Why Bankers Work [100] Hour Weeks
- YourMD
- Sep 4, 2025
- 2 min read
First of all, most investment bankers are no longer working 100 hour weeks - senior bankers likely have never worked these hours (though they may claim they have) and major efforts have occurred to reduce junior banker hours, though with mixed results. The logical question is why do junior bankers work long hours when investment banks could simply hire more employees or offshore their personnel?
While the reasons are many, the easiest way to understand the situation is to examine how revenue is earned and how employee incentives are structured. Unlike its sister professions law and consulting, which typically charge by the hour, M&A advisory and capital markets work is primarily transaction work and therefore success fee based. Furthermore, while client relationships are built over years, the transactions themselves can be an intense period of a few months or even days. The combination of these factors result in investment banking teams that are leanly staffed and built to handle many projects at once.

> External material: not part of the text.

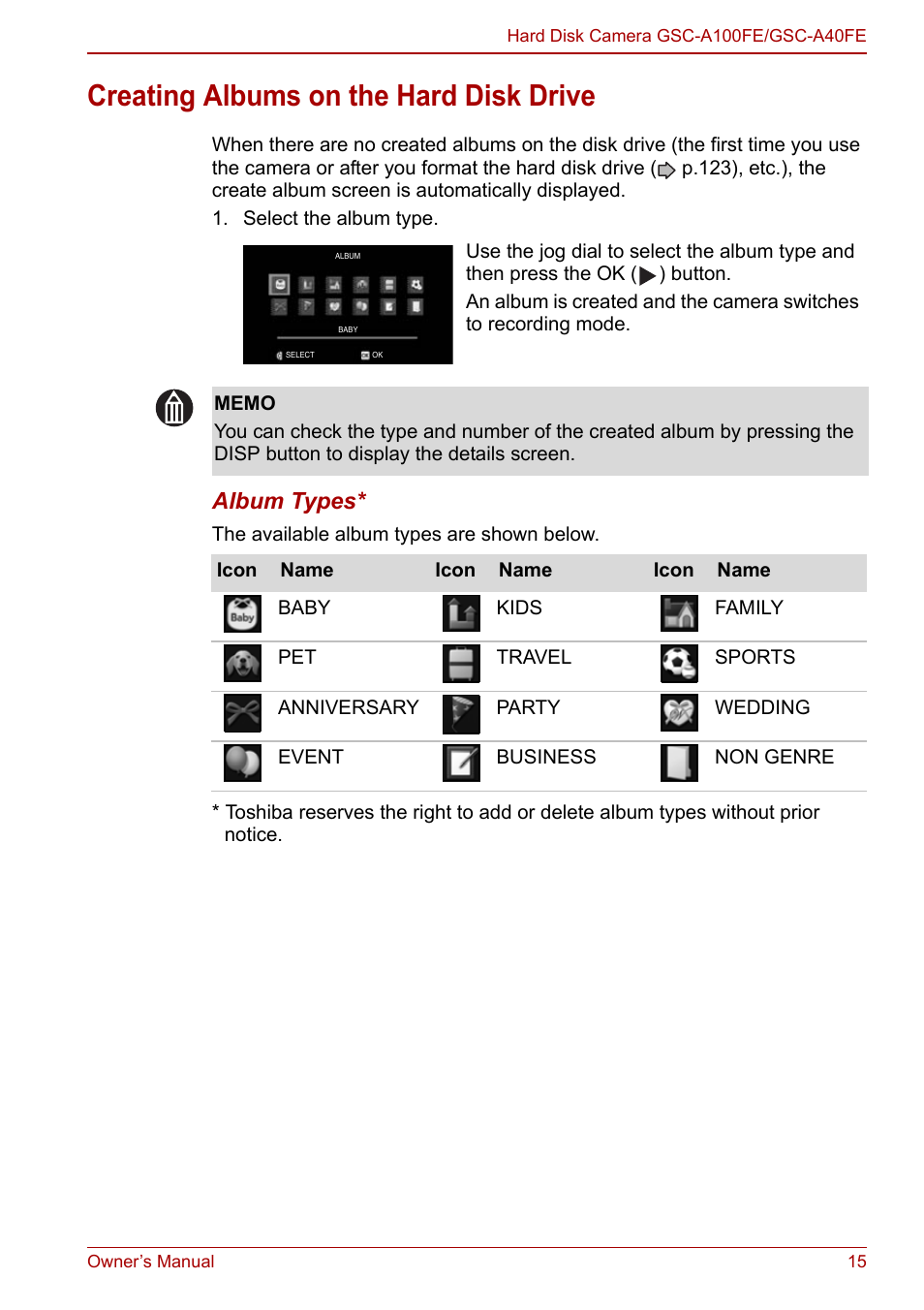 Creating albums on the hard disk drive, Album types | Toshiba Gigashot A Series User Manual | Page 37 / 184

Because senior bankers do not get paid until an M&A deal or securities offering closes, they are incentivized to work on many potential transactions at the same time to maximize the chance of receiving success-based fees. Therefore, they spread their human resources across many deals and attempt to keep their overall headcount to a minimum to reduce overhead cost. This contrasts significantly with a law firm where each lawyer is billing a client on an hourly rate so the partners are incentivized to hire most associates to bill more hours. Given banking deals last for a shorter amount of time (except the not so infrequent slow burn M&A transaction), a smaller team is easier to get up to speed on a deal, engages with clients in a high touch manner, is more likely to keep information confidential and is more manageable for senior bankers to oversee. One open question remains - how will artificial intelligence (that can work 168 hour weeks!) affect the demand for hard working, analytical and ambitious junior bankers?